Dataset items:
==========

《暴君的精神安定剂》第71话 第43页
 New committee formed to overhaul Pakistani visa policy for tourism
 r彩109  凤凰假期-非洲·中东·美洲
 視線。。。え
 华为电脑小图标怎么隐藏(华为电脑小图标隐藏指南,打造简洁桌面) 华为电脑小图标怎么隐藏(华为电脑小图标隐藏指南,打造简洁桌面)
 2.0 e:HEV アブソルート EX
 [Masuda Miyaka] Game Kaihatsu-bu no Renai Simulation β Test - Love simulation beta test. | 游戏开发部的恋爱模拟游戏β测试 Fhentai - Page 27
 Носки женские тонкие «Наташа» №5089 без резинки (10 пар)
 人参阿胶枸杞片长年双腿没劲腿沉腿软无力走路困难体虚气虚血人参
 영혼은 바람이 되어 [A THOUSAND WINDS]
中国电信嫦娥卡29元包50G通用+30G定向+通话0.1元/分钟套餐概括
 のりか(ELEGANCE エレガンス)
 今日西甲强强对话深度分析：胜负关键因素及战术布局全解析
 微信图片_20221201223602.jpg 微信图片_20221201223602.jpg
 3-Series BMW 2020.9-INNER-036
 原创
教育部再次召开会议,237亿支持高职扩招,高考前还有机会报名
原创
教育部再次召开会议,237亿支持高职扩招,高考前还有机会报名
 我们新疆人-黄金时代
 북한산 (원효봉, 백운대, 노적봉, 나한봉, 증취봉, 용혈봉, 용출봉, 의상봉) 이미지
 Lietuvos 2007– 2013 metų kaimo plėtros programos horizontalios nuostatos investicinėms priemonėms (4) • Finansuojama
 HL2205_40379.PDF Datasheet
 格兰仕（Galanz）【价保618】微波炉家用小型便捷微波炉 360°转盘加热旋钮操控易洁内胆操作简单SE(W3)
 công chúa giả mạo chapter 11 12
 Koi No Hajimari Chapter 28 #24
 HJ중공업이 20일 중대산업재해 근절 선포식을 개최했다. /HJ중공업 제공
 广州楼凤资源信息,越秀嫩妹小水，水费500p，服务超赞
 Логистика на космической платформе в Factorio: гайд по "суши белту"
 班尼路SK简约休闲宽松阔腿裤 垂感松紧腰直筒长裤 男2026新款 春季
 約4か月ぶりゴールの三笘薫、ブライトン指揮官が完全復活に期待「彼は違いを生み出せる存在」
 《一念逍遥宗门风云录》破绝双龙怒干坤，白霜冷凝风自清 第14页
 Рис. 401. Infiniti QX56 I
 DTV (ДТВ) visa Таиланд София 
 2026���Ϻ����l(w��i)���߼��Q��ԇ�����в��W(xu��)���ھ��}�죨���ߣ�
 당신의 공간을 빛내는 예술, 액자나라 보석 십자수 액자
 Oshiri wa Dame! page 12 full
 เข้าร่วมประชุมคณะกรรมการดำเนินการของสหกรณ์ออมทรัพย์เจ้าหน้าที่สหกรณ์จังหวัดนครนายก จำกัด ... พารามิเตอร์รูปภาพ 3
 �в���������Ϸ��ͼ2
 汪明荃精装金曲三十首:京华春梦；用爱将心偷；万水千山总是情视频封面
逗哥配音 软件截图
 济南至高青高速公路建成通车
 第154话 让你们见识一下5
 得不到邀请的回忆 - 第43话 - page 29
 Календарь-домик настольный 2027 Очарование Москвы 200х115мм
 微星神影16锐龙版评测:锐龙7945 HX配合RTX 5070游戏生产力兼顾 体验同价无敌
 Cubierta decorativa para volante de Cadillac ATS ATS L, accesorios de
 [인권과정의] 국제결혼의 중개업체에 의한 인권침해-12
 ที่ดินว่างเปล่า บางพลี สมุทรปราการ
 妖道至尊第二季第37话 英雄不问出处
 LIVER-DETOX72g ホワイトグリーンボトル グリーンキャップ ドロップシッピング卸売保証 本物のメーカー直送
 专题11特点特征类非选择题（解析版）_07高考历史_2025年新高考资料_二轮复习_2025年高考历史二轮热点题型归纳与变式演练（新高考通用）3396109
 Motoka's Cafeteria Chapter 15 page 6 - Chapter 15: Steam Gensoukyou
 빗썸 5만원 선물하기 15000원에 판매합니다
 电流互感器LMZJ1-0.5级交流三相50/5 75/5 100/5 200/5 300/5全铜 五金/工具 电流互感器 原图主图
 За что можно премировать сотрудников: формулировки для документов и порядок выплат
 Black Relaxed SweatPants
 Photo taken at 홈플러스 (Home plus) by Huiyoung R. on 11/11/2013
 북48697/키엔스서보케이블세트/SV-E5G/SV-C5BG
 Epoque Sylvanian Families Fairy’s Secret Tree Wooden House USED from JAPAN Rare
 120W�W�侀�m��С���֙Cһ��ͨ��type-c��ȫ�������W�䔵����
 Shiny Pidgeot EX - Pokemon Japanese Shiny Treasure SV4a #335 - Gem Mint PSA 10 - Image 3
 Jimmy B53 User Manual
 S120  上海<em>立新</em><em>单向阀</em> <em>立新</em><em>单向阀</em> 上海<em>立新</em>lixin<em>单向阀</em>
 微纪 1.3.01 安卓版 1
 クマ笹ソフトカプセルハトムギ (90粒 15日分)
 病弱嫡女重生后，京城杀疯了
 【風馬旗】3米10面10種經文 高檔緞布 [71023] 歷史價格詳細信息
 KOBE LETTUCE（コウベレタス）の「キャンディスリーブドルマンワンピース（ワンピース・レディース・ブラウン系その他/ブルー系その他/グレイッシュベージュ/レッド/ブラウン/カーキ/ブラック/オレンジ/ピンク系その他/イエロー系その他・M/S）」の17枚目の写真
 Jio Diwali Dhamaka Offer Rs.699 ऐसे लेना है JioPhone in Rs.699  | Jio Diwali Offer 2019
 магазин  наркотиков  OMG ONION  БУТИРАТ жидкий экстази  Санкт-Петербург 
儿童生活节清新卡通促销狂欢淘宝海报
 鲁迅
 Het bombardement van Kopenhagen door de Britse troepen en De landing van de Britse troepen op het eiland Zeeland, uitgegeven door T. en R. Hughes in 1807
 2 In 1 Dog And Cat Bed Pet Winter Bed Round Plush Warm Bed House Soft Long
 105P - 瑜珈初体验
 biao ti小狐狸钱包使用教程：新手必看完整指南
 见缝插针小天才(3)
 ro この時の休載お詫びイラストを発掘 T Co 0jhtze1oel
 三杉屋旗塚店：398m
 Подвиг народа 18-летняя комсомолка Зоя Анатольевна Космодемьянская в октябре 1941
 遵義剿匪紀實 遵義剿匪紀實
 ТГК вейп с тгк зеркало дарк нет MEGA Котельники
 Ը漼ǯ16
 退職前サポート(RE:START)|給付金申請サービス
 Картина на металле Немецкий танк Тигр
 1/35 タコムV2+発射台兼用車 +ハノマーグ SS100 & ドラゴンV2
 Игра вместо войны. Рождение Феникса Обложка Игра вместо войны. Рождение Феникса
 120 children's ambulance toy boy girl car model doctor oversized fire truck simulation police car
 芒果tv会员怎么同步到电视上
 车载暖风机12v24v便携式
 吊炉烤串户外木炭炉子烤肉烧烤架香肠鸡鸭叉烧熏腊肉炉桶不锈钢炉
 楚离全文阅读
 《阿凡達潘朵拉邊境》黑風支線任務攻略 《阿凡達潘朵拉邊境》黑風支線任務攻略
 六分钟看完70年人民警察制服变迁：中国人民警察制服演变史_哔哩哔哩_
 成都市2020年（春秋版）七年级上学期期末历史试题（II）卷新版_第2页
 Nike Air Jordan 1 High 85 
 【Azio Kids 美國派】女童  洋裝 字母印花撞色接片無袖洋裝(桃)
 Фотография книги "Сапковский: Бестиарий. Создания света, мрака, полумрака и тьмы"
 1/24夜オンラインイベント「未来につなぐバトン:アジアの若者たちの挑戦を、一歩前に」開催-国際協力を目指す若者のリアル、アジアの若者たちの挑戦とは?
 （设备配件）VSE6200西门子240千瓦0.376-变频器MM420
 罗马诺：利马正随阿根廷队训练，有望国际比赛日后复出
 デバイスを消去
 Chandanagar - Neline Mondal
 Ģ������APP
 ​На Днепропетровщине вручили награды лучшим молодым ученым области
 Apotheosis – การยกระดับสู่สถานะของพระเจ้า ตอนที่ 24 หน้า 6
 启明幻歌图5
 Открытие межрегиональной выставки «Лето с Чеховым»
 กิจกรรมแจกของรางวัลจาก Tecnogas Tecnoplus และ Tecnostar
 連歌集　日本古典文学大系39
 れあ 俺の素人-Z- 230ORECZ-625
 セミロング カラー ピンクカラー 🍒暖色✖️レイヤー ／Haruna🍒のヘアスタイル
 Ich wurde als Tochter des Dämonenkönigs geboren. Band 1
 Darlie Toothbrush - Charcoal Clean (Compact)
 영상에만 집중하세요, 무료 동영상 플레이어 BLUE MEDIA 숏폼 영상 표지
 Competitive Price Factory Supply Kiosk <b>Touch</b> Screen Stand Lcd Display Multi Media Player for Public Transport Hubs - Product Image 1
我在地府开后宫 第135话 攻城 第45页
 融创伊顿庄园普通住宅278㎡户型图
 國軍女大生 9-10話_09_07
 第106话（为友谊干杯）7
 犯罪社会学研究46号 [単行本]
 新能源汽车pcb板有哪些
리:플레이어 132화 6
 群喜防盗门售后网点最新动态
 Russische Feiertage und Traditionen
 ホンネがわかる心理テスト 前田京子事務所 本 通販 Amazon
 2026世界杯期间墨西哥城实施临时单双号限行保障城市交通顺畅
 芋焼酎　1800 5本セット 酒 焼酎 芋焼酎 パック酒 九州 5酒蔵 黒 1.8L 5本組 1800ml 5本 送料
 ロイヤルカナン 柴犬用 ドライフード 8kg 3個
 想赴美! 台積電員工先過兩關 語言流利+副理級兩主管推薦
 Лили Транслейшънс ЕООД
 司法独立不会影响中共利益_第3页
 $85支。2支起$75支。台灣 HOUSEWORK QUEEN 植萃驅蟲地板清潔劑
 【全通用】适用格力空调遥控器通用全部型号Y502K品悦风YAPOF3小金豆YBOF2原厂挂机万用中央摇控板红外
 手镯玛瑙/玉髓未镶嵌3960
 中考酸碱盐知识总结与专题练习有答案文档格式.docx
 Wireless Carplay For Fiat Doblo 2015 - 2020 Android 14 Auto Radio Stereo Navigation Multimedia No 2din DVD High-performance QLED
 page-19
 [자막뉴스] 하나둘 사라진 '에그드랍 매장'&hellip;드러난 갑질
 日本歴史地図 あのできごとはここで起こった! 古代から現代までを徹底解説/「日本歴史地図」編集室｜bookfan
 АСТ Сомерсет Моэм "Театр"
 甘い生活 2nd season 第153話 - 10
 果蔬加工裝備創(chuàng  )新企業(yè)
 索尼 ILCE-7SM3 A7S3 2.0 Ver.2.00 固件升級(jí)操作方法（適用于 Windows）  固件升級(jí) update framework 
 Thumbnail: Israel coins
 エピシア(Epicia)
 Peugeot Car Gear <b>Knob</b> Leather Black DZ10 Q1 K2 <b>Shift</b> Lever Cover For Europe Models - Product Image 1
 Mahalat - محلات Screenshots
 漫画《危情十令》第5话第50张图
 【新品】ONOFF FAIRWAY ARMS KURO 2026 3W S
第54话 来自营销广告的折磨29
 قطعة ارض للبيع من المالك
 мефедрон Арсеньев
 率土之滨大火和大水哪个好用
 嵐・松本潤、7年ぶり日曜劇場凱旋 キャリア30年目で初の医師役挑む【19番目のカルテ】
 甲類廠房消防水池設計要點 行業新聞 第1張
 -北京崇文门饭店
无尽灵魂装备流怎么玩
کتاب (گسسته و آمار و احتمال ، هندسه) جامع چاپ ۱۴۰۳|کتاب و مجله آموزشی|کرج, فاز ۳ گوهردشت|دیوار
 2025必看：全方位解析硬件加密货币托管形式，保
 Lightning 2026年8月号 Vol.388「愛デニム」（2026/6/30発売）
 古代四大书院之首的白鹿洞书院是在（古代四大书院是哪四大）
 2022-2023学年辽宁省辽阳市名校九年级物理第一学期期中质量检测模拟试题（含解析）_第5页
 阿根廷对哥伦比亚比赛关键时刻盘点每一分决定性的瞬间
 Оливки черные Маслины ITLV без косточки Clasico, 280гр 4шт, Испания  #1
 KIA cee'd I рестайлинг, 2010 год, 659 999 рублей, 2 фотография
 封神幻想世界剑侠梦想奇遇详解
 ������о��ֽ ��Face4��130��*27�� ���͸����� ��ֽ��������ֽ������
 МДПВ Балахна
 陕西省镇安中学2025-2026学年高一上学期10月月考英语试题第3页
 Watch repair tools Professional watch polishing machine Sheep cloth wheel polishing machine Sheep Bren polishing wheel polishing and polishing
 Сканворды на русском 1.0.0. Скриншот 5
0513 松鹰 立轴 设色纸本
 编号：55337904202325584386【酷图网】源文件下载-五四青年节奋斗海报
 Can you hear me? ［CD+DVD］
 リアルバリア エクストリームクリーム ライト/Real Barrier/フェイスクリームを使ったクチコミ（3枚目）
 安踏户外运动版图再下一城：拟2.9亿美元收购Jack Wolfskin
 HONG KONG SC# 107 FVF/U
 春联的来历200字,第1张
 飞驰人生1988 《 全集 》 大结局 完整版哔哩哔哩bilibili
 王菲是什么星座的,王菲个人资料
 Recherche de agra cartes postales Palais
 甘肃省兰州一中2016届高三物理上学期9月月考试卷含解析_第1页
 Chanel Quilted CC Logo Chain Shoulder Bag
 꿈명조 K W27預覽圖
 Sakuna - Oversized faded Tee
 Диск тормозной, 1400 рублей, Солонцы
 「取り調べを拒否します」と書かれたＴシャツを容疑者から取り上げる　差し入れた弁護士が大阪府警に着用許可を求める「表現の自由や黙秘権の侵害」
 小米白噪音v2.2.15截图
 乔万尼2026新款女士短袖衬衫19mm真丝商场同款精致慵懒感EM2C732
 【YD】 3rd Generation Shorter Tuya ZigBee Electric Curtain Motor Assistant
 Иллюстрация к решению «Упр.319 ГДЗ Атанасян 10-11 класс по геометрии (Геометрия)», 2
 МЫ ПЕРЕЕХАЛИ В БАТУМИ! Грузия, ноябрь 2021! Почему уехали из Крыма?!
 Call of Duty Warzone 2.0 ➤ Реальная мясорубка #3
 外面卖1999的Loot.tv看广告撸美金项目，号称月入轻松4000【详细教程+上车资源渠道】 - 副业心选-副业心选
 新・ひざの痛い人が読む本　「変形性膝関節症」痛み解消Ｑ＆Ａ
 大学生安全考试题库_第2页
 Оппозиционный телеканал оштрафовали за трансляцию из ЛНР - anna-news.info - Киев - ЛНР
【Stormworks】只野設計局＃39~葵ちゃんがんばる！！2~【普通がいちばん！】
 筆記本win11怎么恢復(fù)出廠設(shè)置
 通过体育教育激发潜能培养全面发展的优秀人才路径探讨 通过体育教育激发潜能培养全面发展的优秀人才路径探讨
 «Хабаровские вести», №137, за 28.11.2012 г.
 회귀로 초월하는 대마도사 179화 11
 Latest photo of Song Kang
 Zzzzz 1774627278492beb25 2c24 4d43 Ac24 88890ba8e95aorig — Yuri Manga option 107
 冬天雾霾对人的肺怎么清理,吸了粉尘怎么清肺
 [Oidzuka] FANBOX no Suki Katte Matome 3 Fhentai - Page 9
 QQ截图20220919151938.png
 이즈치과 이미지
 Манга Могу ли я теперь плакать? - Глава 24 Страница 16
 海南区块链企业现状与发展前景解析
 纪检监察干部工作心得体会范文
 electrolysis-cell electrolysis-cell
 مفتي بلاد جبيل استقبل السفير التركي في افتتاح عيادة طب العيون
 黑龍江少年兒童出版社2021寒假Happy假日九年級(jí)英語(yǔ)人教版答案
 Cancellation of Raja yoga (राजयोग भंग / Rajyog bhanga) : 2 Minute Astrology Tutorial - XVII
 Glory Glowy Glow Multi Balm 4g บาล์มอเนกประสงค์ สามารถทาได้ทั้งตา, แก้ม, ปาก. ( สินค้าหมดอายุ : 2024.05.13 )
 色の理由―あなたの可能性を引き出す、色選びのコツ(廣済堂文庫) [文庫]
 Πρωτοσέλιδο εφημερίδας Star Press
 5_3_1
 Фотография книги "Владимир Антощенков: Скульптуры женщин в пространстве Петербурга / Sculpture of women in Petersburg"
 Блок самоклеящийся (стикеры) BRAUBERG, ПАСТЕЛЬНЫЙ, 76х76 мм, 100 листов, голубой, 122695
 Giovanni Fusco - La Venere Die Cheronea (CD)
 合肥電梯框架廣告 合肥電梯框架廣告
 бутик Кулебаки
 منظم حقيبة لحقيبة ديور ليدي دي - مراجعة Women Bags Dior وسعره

==========

In the entries above, find the line with "クマ笹ソフトカプセルハトムギ (90粒 15日分)" and the line with "KOBE LETTUCE（コ", then set down exactly those two and every line between them, nothing else.

 クマ笹ソフトカプセルハトムギ (90粒 15日分)
 病弱嫡女重生后，京城杀疯了
 【風馬旗】3米10面10種經文 高檔緞布 [71023] 歷史價格詳細信息
 KOBE LETTUCE（コウベレタス）の「キャンディスリーブドルマンワンピース（ワンピース・レディース・ブラウン系その他/ブルー系その他/グレイッシュベージュ/レッド/ブラウン/カーキ/ブラック/オレンジ/ピンク系その他/イエロー系その他・M/S）」の17枚目の写真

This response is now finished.